__Dataset content__.
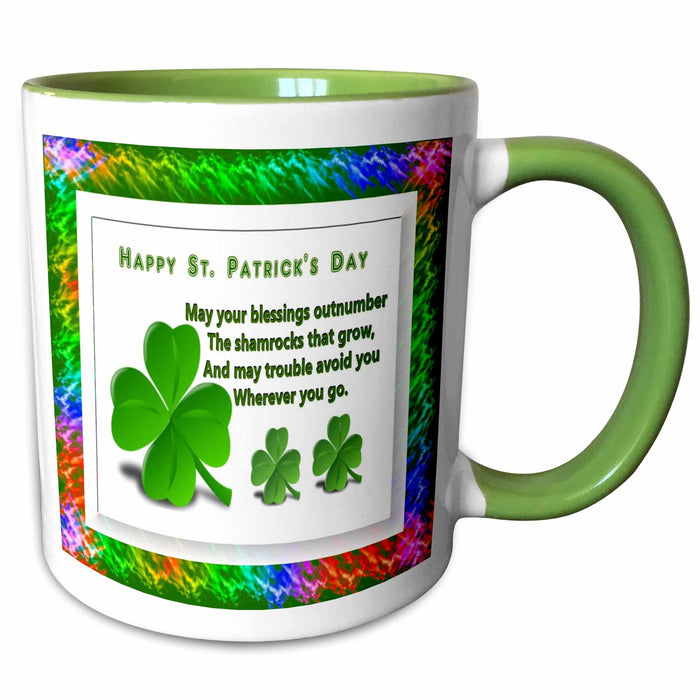 image of 15oz Two-Tone Green Mug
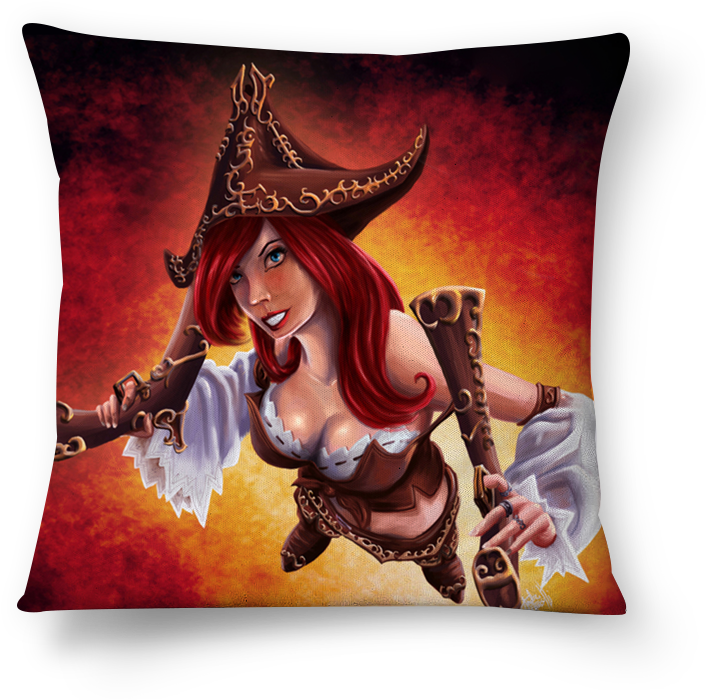 Almofada Miss Fortune De André Martuscelli Do Amaralna - Cushion (800x800), Png Download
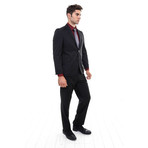 Ivan 2-Piece Slim Fit Suit // Black (US: 48R)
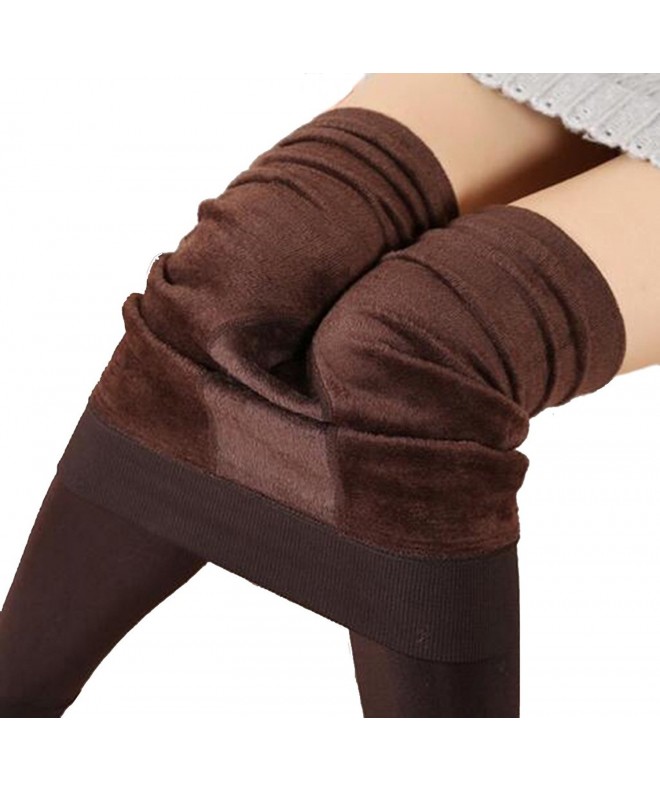 Winter Leggings Velvet Womens Elastic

__Action item__.
Repeat the whole of the material above exactly, but keep the pictures out.

__The answer__.
 image of 15oz Two-Tone Green Mug
 Almofada Miss Fortune De André Martuscelli Do Amaralna - Cushion (800x800), Png Download
 Ivan 2-Piece Slim Fit Suit // Black (US: 48R)
 Winter Leggings Velvet Womens Elastic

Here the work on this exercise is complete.